10 windows, min.freq = 0 (700 trees per window)

image

The compare.n function (which generates the clustering diagram and ASDSF values in the compare plot) does not suffer from this issue because it calculates ASDSF from all post burnin trees (in most cases thousands of trees).

Since MrBayes is calculating ASDSF from trees that are not all logged I don't think there is a way to calculate ASDSF that is equivalent. So how to we proceed? I can think of a few options (in ascending order of effort required):

  1. Drop the sliding window plot of ASDSF
  2. Continue to include a sliding window plot of ASDSF but include a warning that these values will not match the MrBayes output
  3. Add the ability to read MrBayes .mcmc output files to the load.trees function. These log files include the MrBayes calculation of ASDSF (the last column of any .mcmc file_ that uses unlogged trees.
roblanf commented 9 years ago

Hey @geneva,

I'm a bit confused here. A priori I wouldn't expect sliding window plots of ASDSF to look like the MrBayes plots. From memory, MrBayes calculates ASDSF from the last 75% of trees in the chain (roughly assuming that the first 25% is always burnin). So, we'd expect to see something similar in a cumulative ASDSF plot (after removing burnin), but not identical.

More broadly, I kind of agree that sliding window ASDSF is not very meaningful. I think your understanding of the problem looks right, and for that reason I'd vote to ditch the sliding window ASDSF plots.

geneva commented 9 years ago

I had always thought MrBayes was calculating ASDSF in a sliding windows and without discarding any trees as burnin. The fact that MB is using cumulative frequencies with some fixed percent of generations discarded as burnin explains the wide discrepancy between the sliding widow plots and MB output.

I am in agreement, lets discard the sliding window ASDSF plots. I will convert makeplot.asdsf to cumulative plot and we can see if that adds information/clarity relative to the already implemented variance plots.

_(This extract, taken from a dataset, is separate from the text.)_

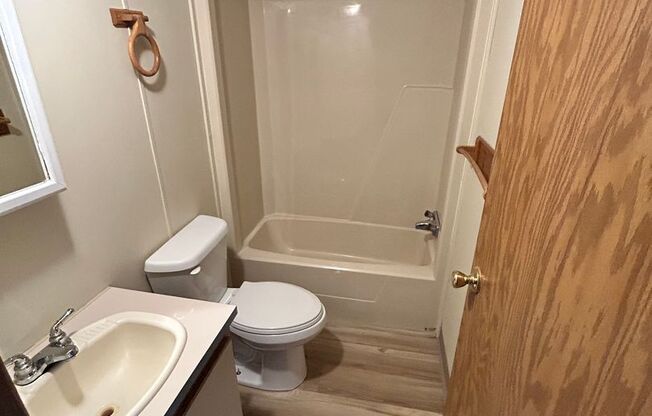 2 beds, 2 baths, 980 sqft, $995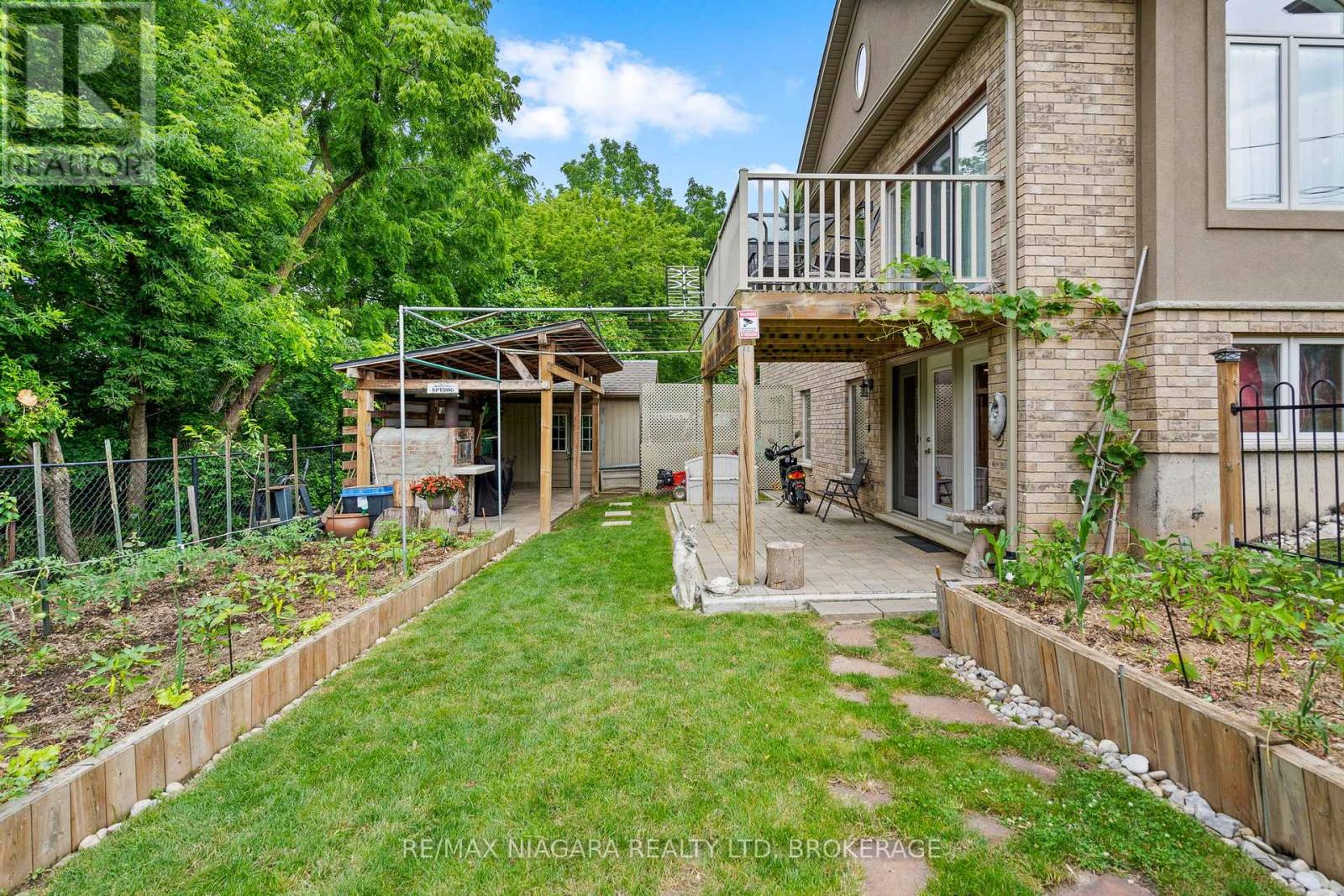 255 LAKESHORE ROAD - 30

roblanf commented 9 years ago

I (sadly, literally) woke up in the night last night and realised that there is a big difference between the plots I implemented, and the ASDSF plots. The plots I implemented are about a single chain. ASDSF are comparisons of >1 chain. So, for that reason we should keep both. However, if it's clearer we could always make the plots I made into line plots of e.g. the median or mean variance at each point.

I assume (though I haven't checked) that one can do the calculations for ASDSF across any number of chains. Is that what you've got working @geneva?

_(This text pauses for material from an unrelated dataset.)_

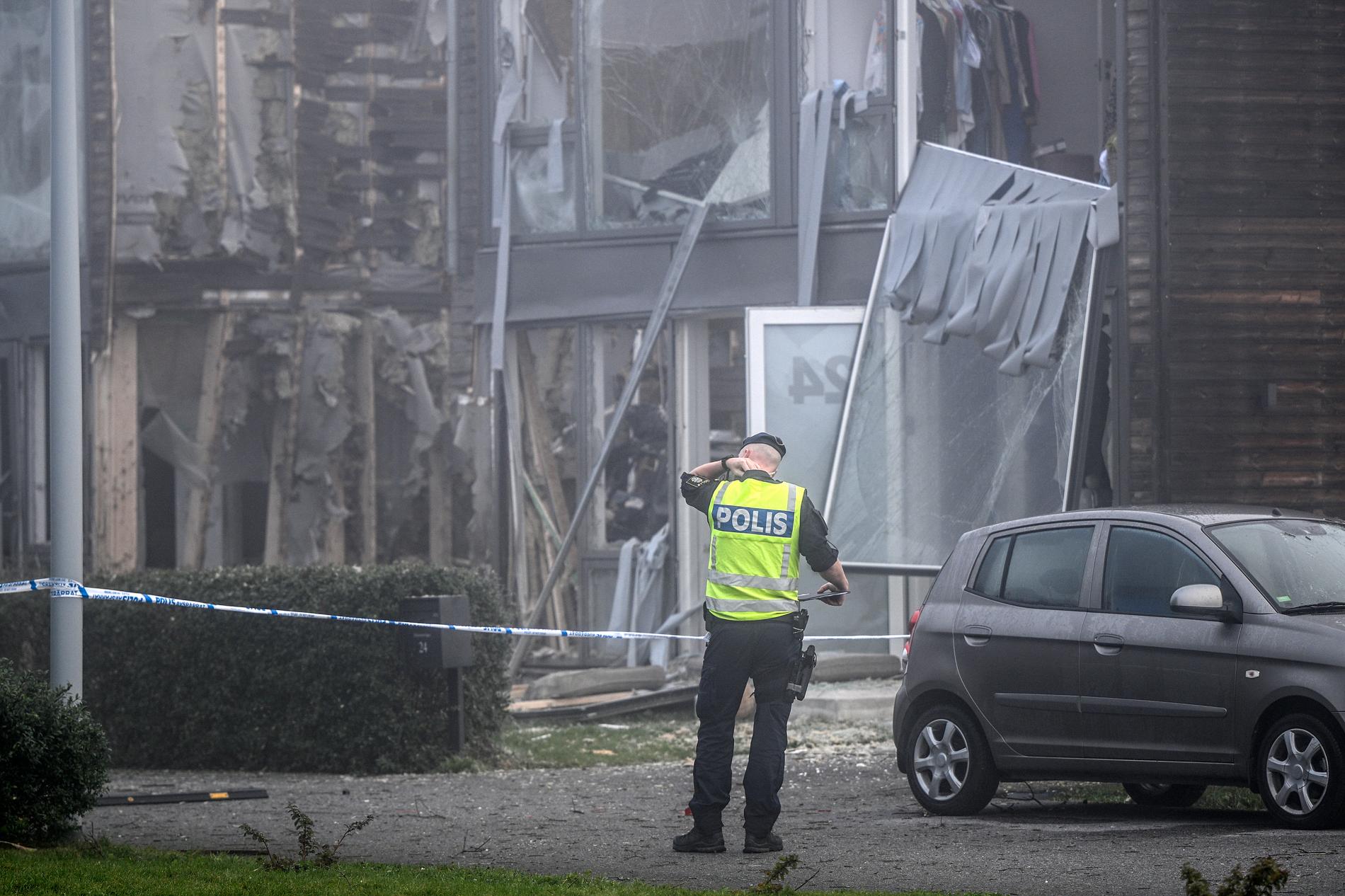 Förödelse efter den kraftiga explosion i ett villaområde i Storvreta utanför Uppsala som dödade en kvinna i 25-årsåldern i slutet av september i fjol. Arkivbild.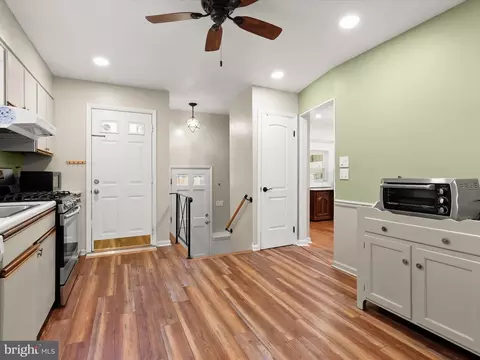Entry Way - 7018 96th Pl, Lanham, MD 20706 photo 2 of 3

Another option might be to have a second compare.n plot with pairwise ASDSF plots, this might be useful for spotting cases where a single chain explores different bits of treespace from the rest.

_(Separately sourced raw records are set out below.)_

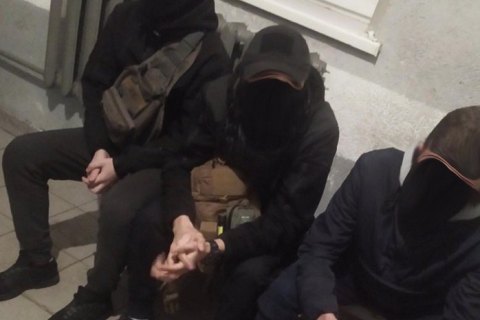 У Львові троє хлопців видавали себе за контролерів, щоб не платити за проїзд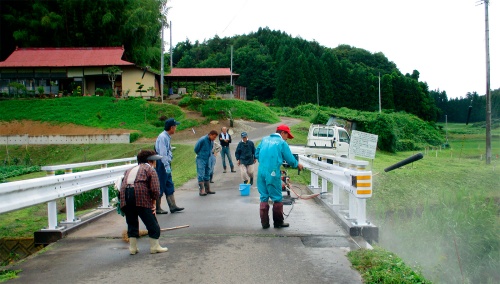 写真1■ 住民が橋の清掃に参加している様子（写真：平田村）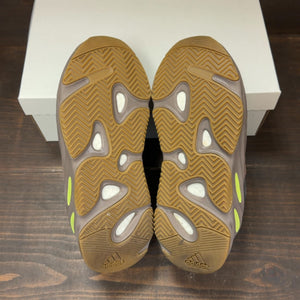 adidas Yeezy Boost 700 Mauve Size 8 (Pre-Owned) - aux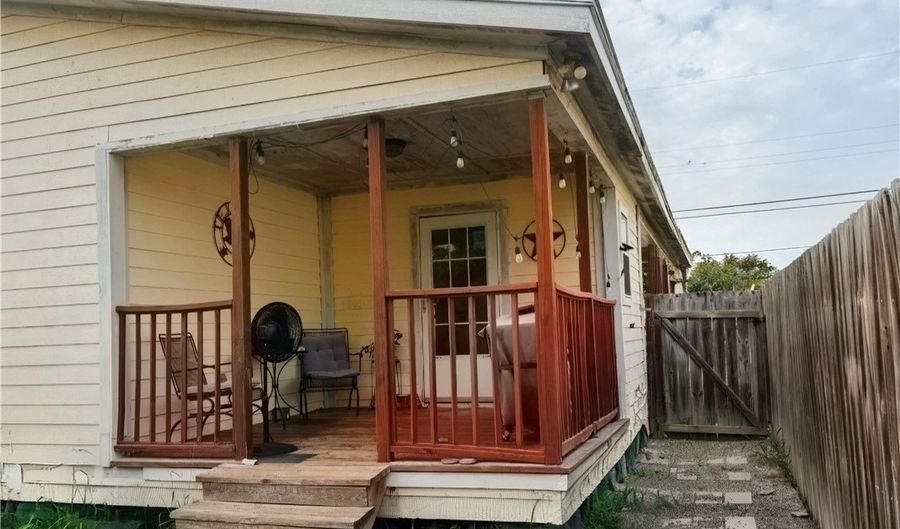718 Seabreeze St, Alice, TX 78332 - 3 Beds, 2 Bath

danlwarren commented 9 years ago

Aha! That makes perfect sense then. Rob, I actually prefer the way you're making the variance plots. If it's not too much trouble, I think it would actually be nicer to do the ASDSF multi-chain plots the same way.

geneva commented 9 years ago

@roblanf sorry, I missed your comment yesterday. To answer your question, yes, the sliding window function makeplot.asdsf on the develop branch that I used to generate the sliding ASDSF examples above calculates ASDSF on any number of chains (with a minimum of two). I am still futzing with turning that into a cumulative plot, the hold-up is avoiding the need to repeatedly calculate split frequencies, which slows everything way down – maybe when split frequencies are calculated using faster code this will no longer be an issue.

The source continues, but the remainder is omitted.